> [WHAT YOU NEED TO DO]:
With the pictures left out, write out exactly the lines of the listing below that run from the line with "Hi and welcome" through the line with "Let's start our".

============

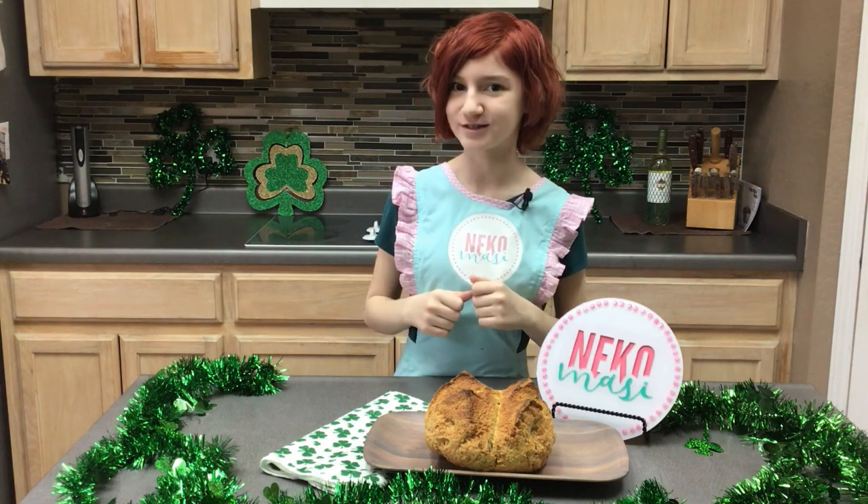Hey everyone, it's me Niko from Niko Macy Bakes, and today I'm going to be showing you all how to make traditional Irish soda bread for St. Patrick's Day.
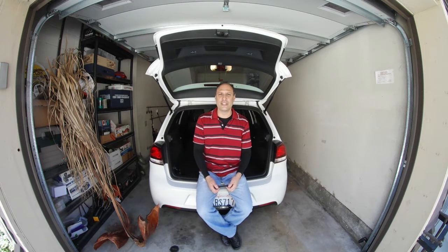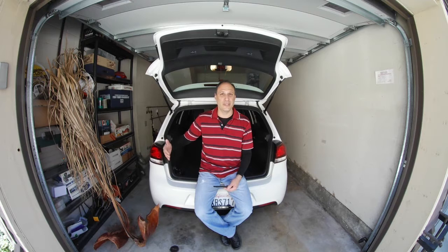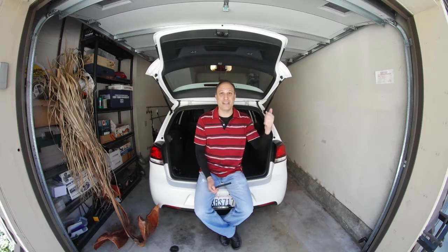Hi and welcome to today's video. This is a new series I'm going to do called Urban Bushcrafting. Basically, bushcrafting is when you go out into the woods and live off the land. I'm going to do that here in my place in Pasadena versus driving 90 minutes away.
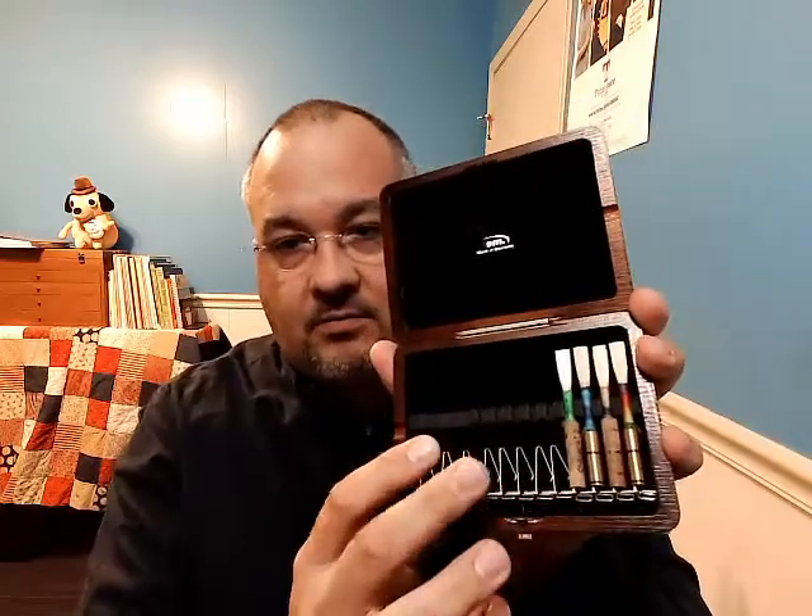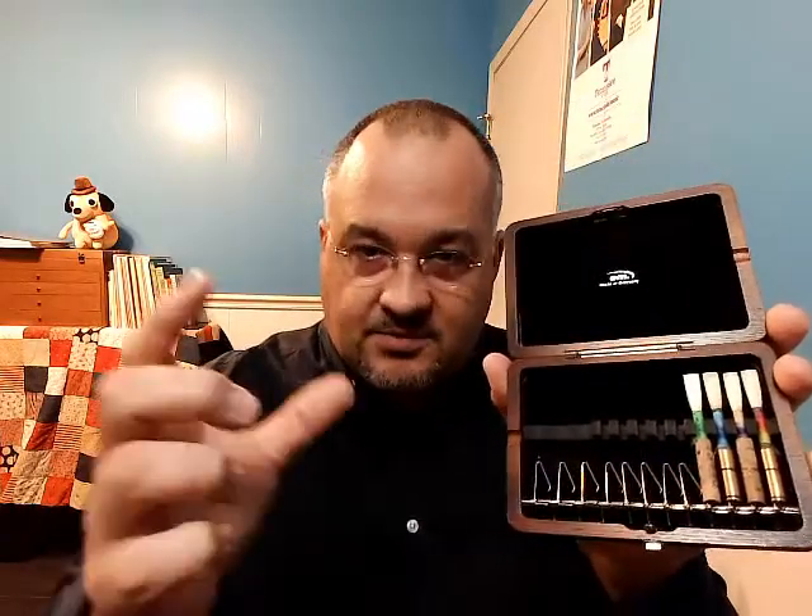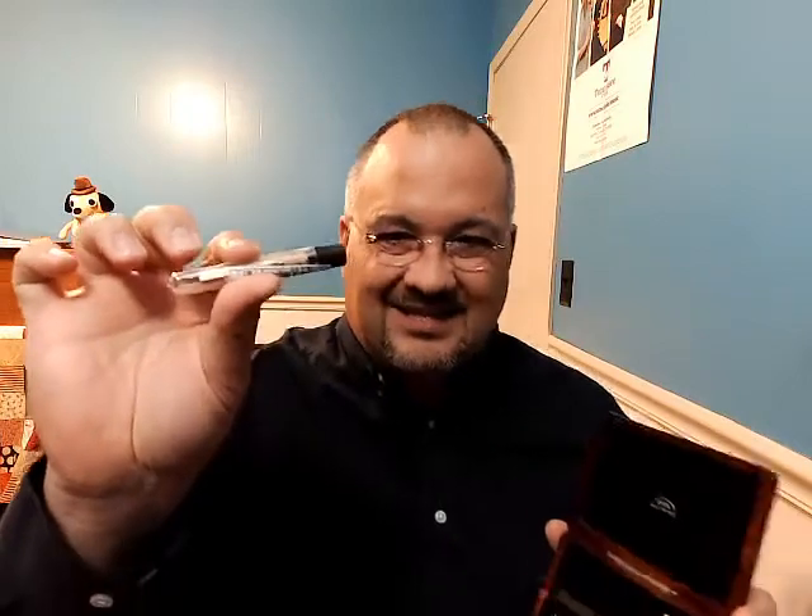When you get a reed, the first thing you need to do is make sure your students have a proper reed case — something that holds the reed securely and allows it to dry. Those mailing tubes that they come in allow very little air circulation, and the reeds get nasty really fast. So make sure they have a good reed case, and I'm always happy to give you recommendations about that.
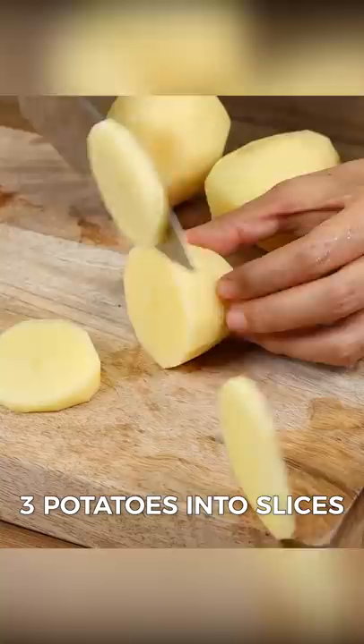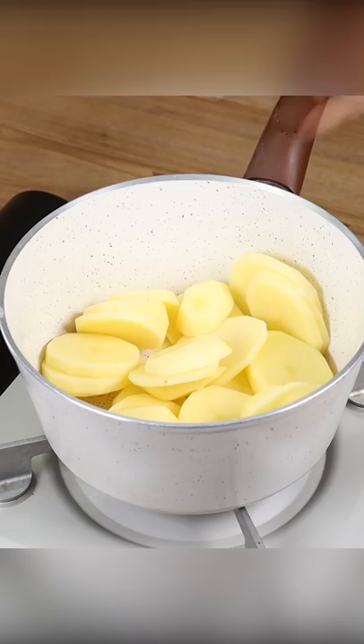Let's start our recipe by cutting three potatoes into slices. Put all these potatoes into a pot, cover them with water, and let them cook for 15 minutes. Then remove them from the heat and drain the water.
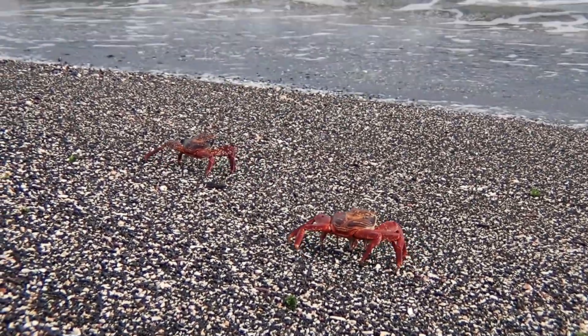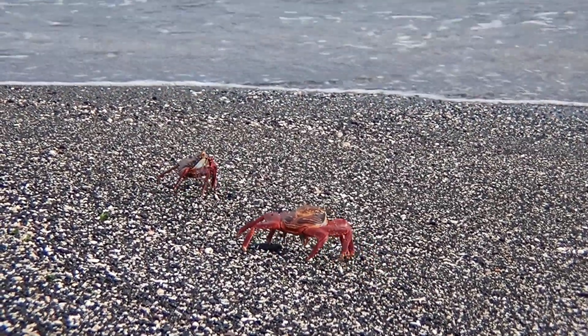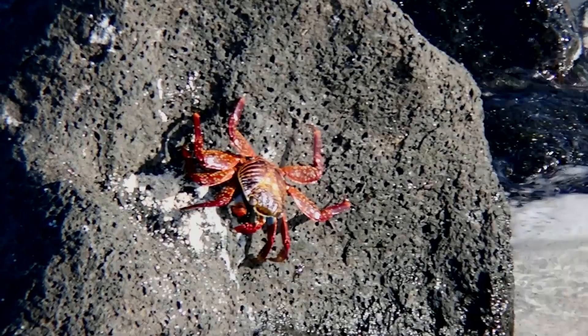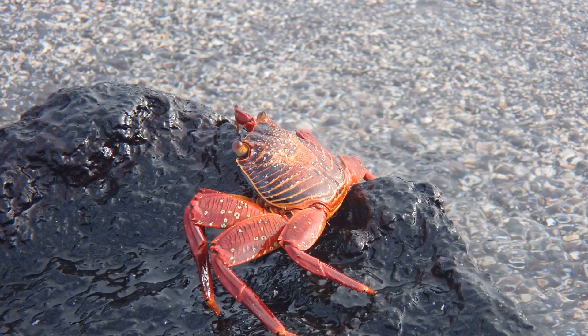Sally Lightfoot crabs are opportunistic predators, and they will eat just about anything they can find, dead or alive. However, they primarily feed on algae that they gather with their two small claws. Their carapace and walking legs are flattened.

============

> [RESPONSE TO THE TASK]:
Hi and welcome to today's video. This is a new series I'm going to do called Urban Bushcrafting. Basically, bushcrafting is when you go out into the woods and live off the land. I'm going to do that here in my place in Pasadena versus driving 90 minutes away.
When you get a reed, the first thing you need to do is make sure your students have a proper reed case — something that holds the reed securely and allows it to dry. Those mailing tubes that they come in allow very little air circulation, and the reeds get nasty really fast. So make sure they have a good reed case, and I'm always happy to give you recommendations about that.
Let's start our recipe by cutting three potatoes into slices. Put all these potatoes into a pot, cover them with water, and let them cook for 15 minutes. Then remove them from the heat and drain the water.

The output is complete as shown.